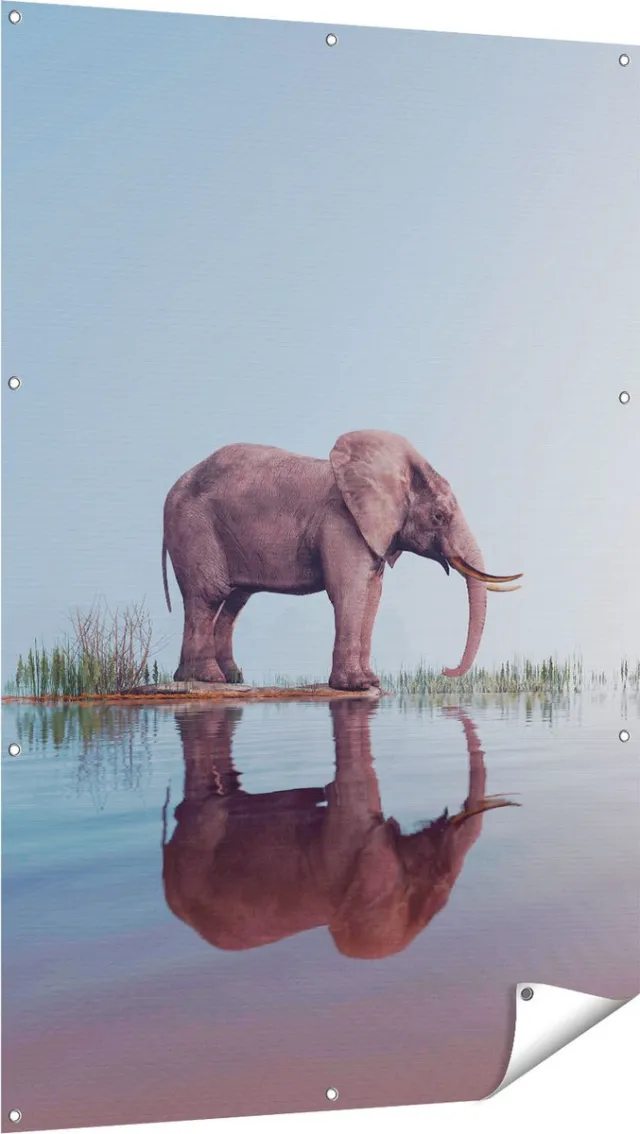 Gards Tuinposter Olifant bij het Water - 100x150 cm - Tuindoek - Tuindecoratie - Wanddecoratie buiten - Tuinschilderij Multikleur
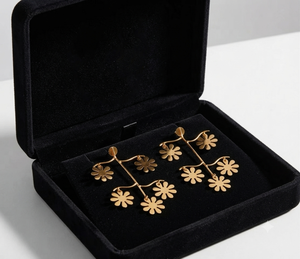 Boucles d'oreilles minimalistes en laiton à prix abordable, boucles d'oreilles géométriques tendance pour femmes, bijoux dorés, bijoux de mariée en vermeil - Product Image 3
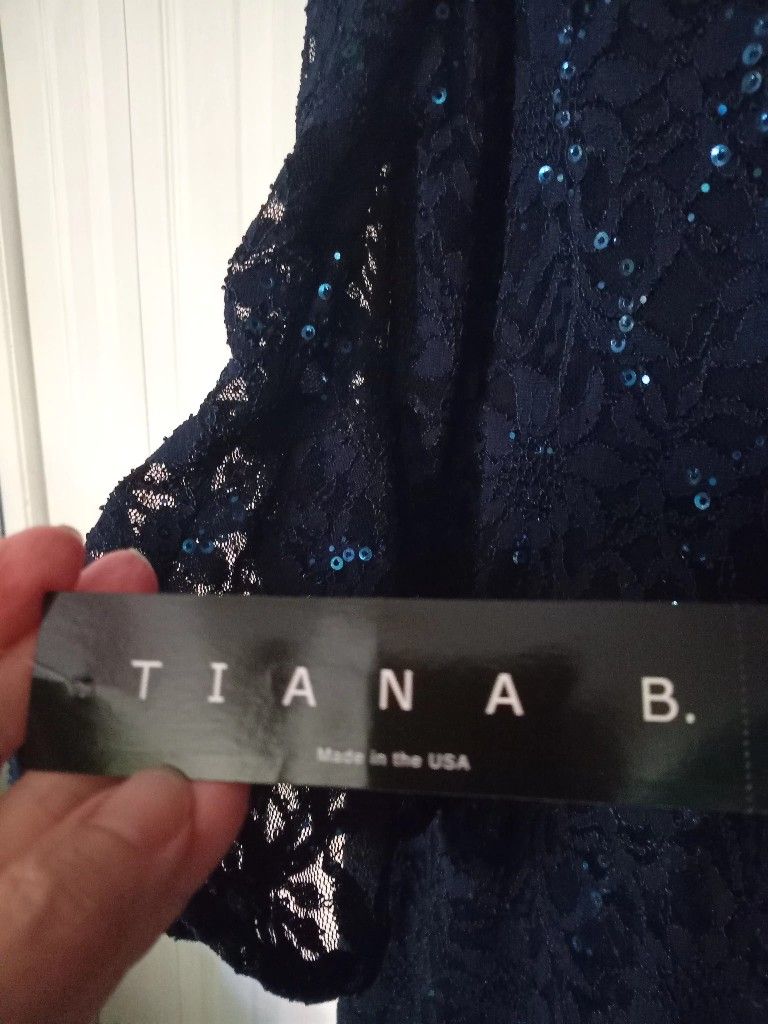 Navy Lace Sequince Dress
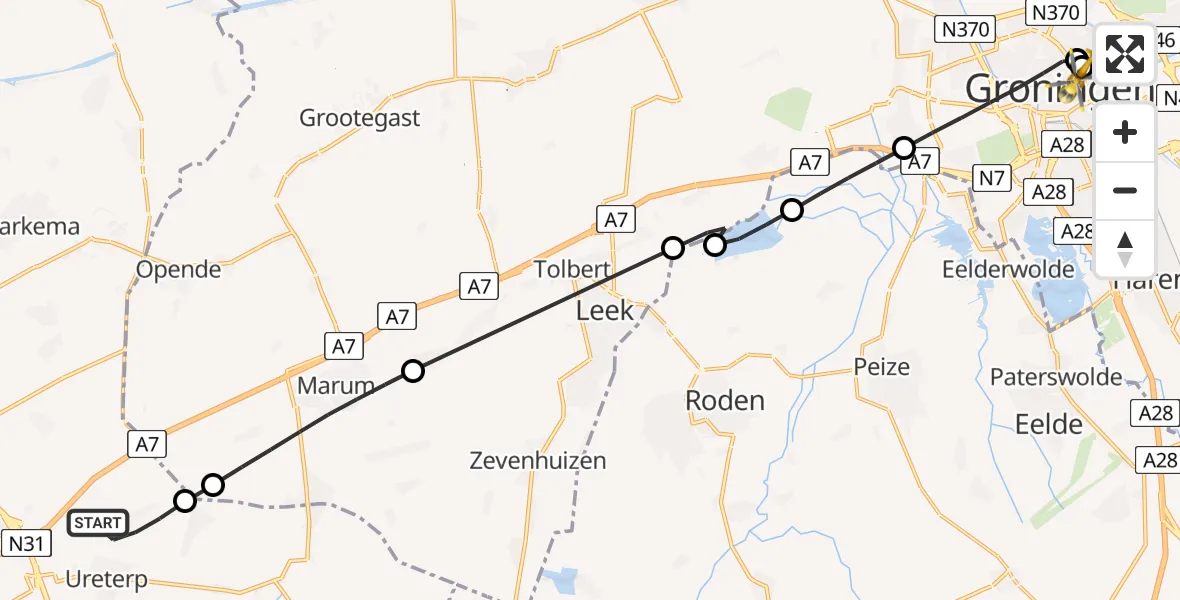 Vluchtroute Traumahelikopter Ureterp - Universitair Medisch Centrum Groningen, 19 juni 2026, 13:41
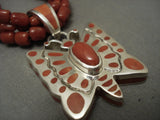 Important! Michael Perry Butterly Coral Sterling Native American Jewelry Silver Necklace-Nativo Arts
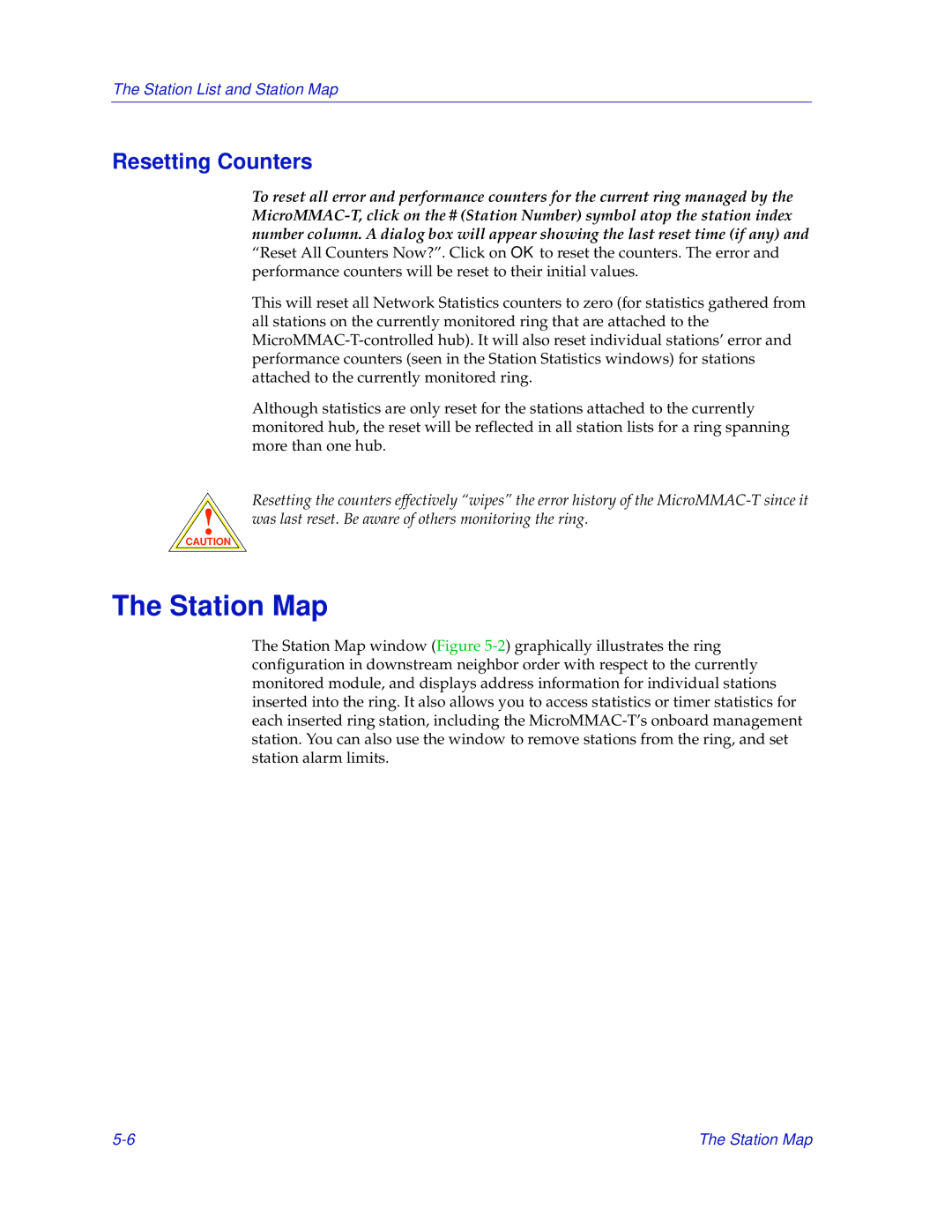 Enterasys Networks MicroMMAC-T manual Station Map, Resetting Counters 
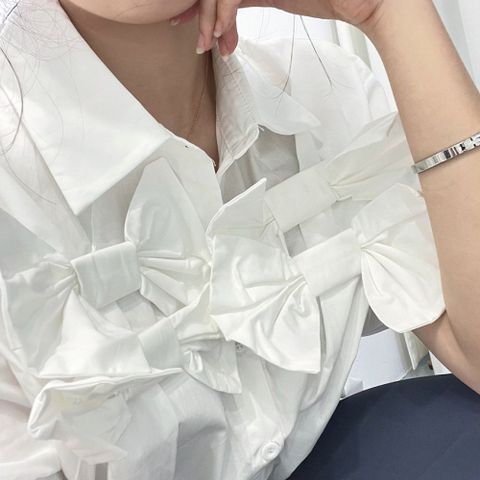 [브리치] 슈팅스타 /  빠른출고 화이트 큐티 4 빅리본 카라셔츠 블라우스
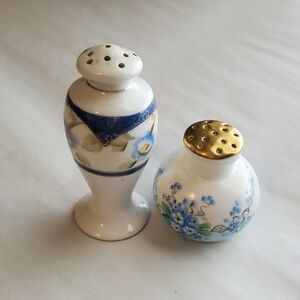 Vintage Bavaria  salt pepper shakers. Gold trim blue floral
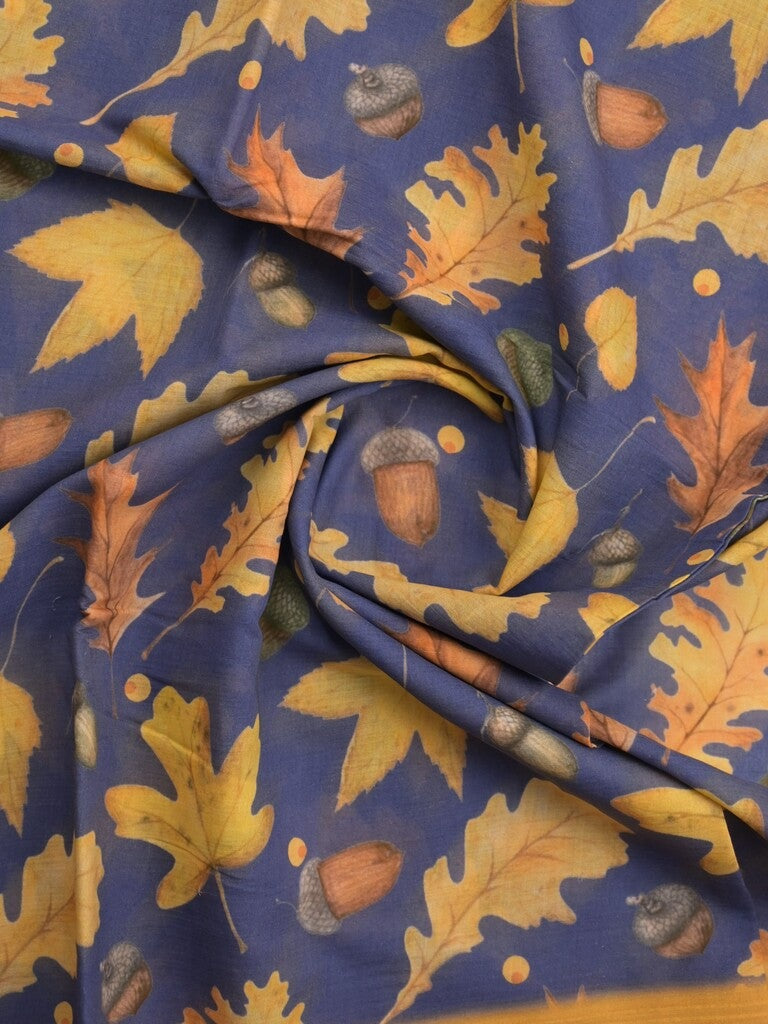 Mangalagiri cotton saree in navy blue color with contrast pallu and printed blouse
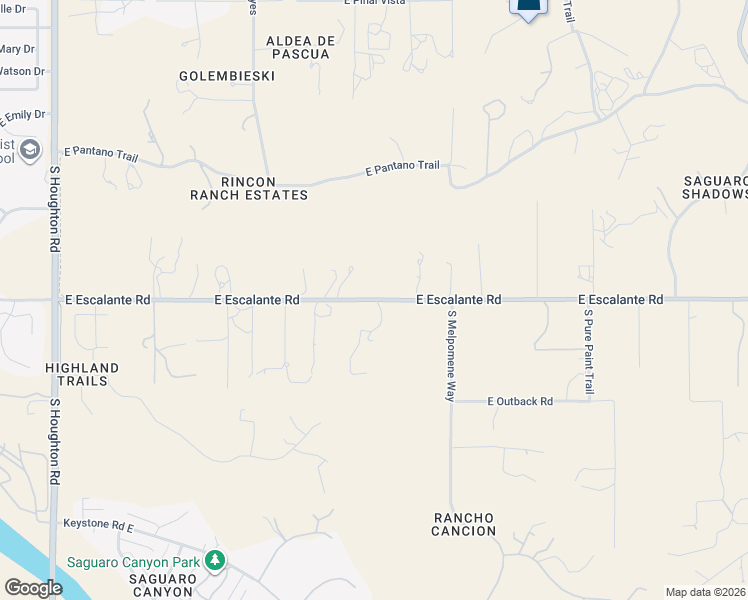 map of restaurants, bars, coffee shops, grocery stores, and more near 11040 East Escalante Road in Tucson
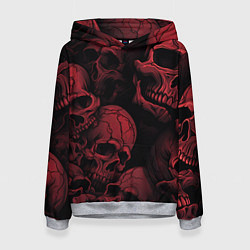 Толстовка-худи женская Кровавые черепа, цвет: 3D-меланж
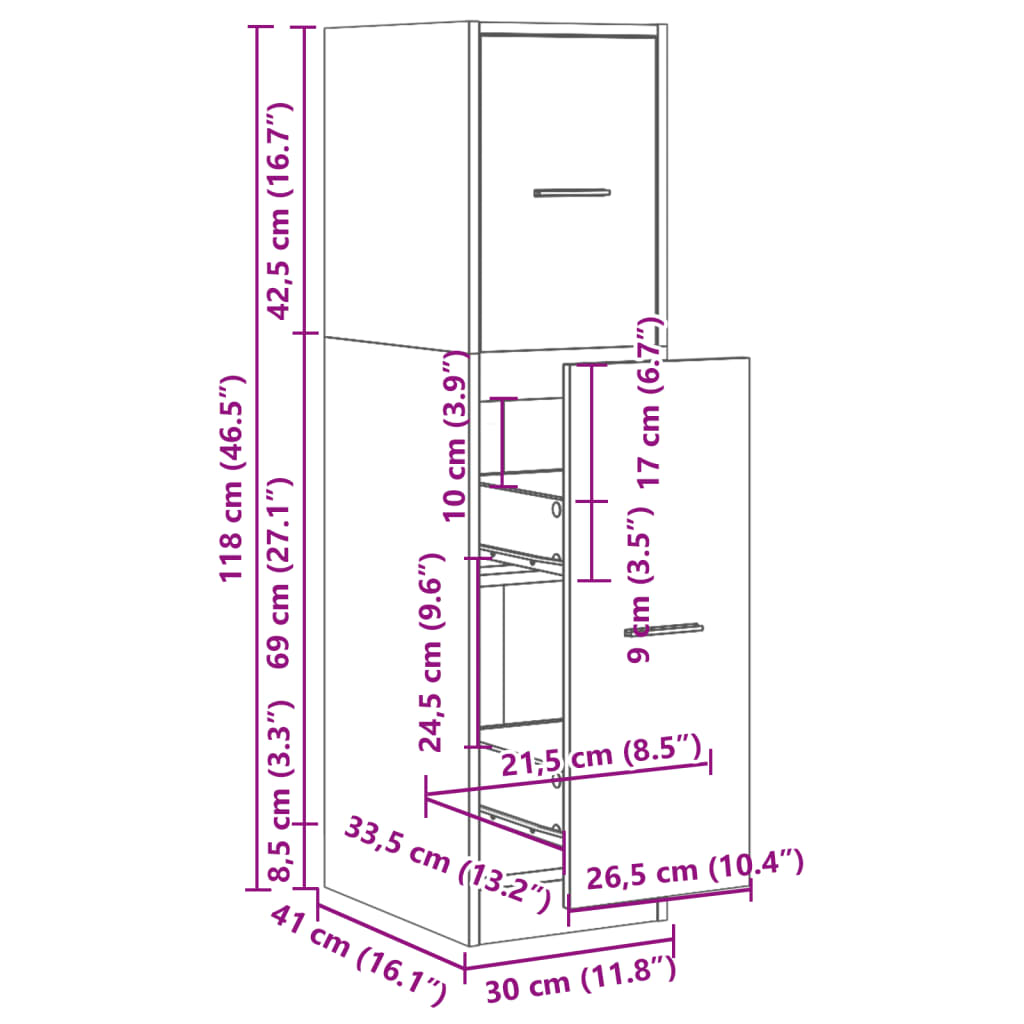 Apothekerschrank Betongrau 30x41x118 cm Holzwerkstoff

◆ Task goal:
Exactly repeat the material from its first line through the line with "[브리치] 슈팅스타 /", including both, and leave the pictures and everything else out.

◆ Response to this exercise:
 Gards Tuinposter Olifant bij het Water - 100x150 cm - Tuindoek - Tuindecoratie - Wanddecoratie buiten - Tuinschilderij Multikleur
 Boucles d'oreilles minimalistes en laiton à prix abordable, boucles d'oreilles géométriques tendance pour femmes, bijoux dorés, bijoux de mariée en vermeil - Product Image 3
 Navy Lace Sequince Dress
 Vluchtroute Traumahelikopter Ureterp - Universitair Medisch Centrum Groningen, 19 juni 2026, 13:41
 Important! Michael Perry Butterly Coral Sterling Native American Jewelry Silver Necklace-Nativo Arts
 Enterasys Networks MicroMMAC-T manual Station Map, Resetting Counters 
 [브리치] 슈팅스타 /  빠른출고 화이트 큐티 4 빅리본 카라셔츠 블라우스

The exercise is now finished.